# WHAT TO WORK ON
Within the entries below, please retype exactly the lines starting with the line that has "CLAIBORNE- AFRICA Bronze" and going on through the line that has "Legging Gray/ Black", but not the pictures.

# DATA EXCERPTS
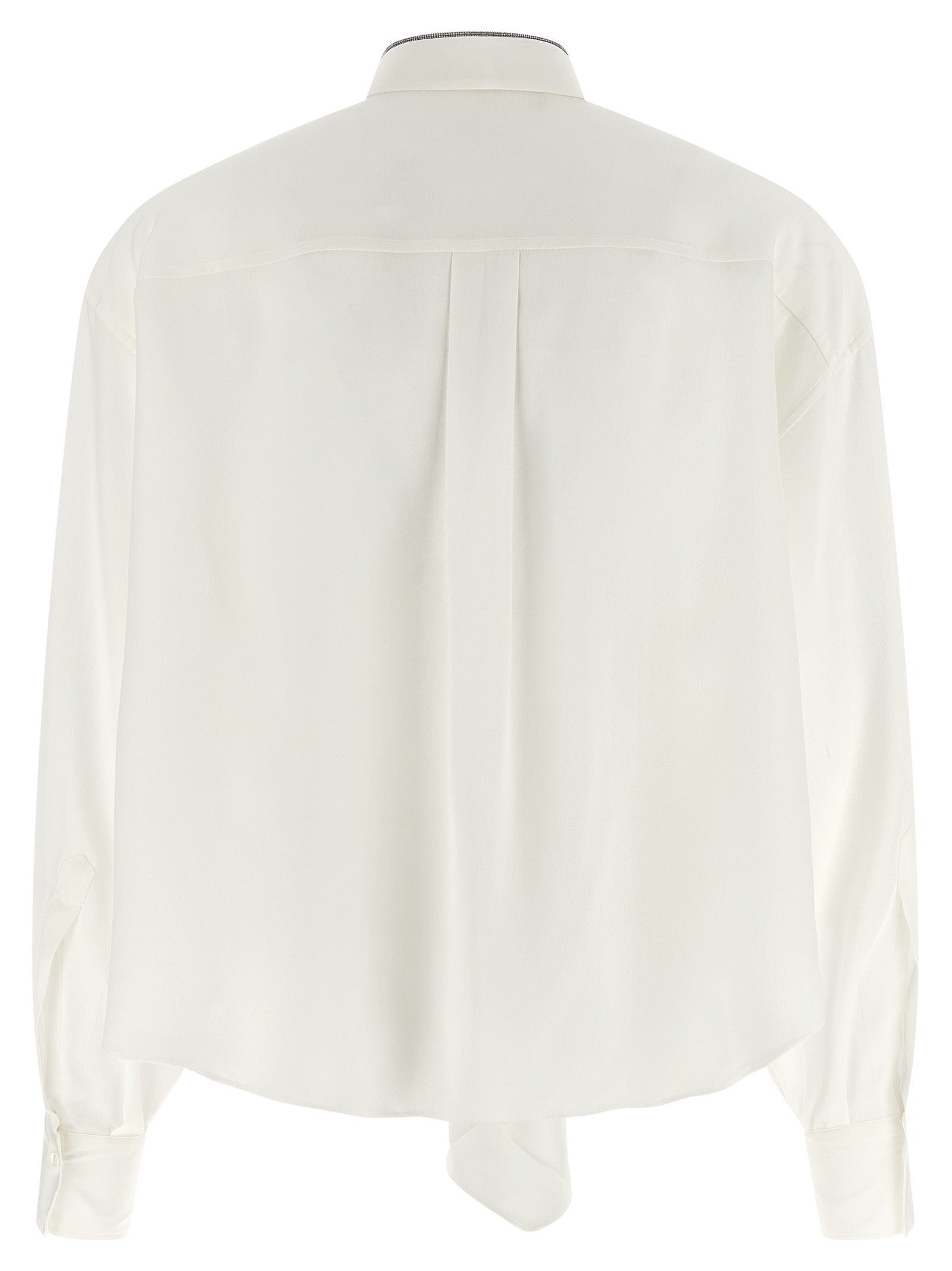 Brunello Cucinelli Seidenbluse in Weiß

---

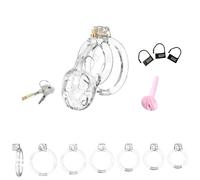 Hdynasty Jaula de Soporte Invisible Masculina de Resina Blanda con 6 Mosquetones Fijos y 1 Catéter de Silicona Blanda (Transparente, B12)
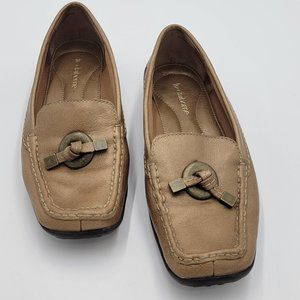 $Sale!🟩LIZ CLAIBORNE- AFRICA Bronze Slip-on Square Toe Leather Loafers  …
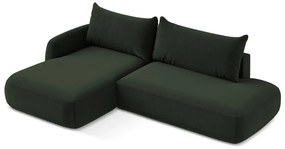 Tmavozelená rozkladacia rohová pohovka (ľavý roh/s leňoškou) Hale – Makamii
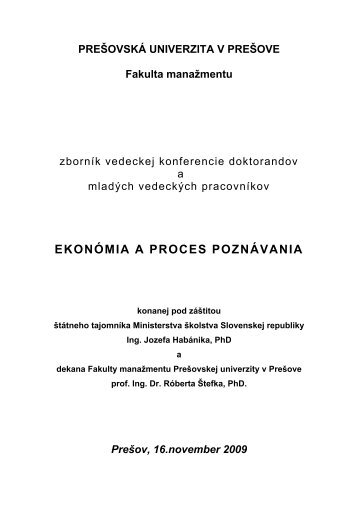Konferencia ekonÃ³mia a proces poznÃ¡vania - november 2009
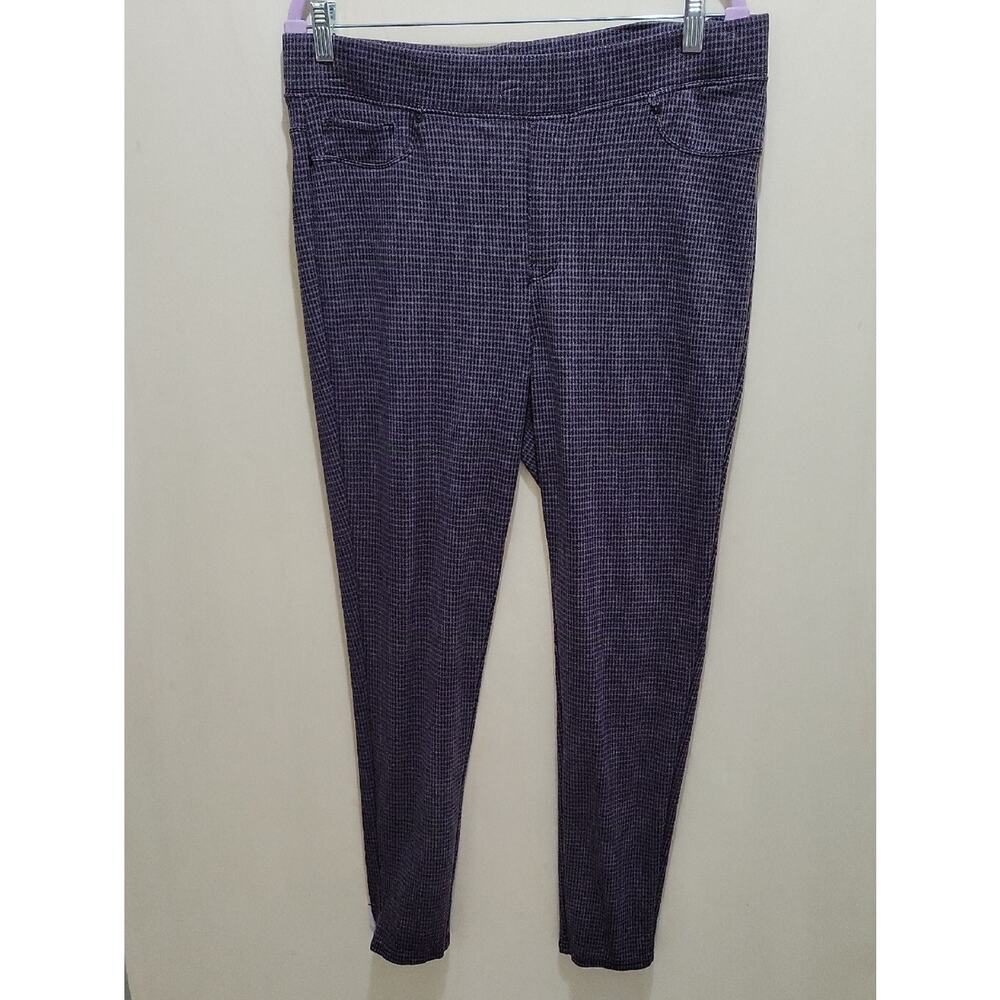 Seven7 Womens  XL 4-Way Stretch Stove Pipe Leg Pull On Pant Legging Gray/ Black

# EXERCISE OUTPUT
 $Sale!🟩LIZ CLAIBORNE- AFRICA Bronze Slip-on Square Toe Leather Loafers  …
 Tmavozelená rozkladacia rohová pohovka (ľavý roh/s leňoškou) Hale – Makamii
Konferencia ekonÃ³mia a proces poznÃ¡vania - november 2009
 Seven7 Womens  XL 4-Way Stretch Stove Pipe Leg Pull On Pant Legging Gray/ Black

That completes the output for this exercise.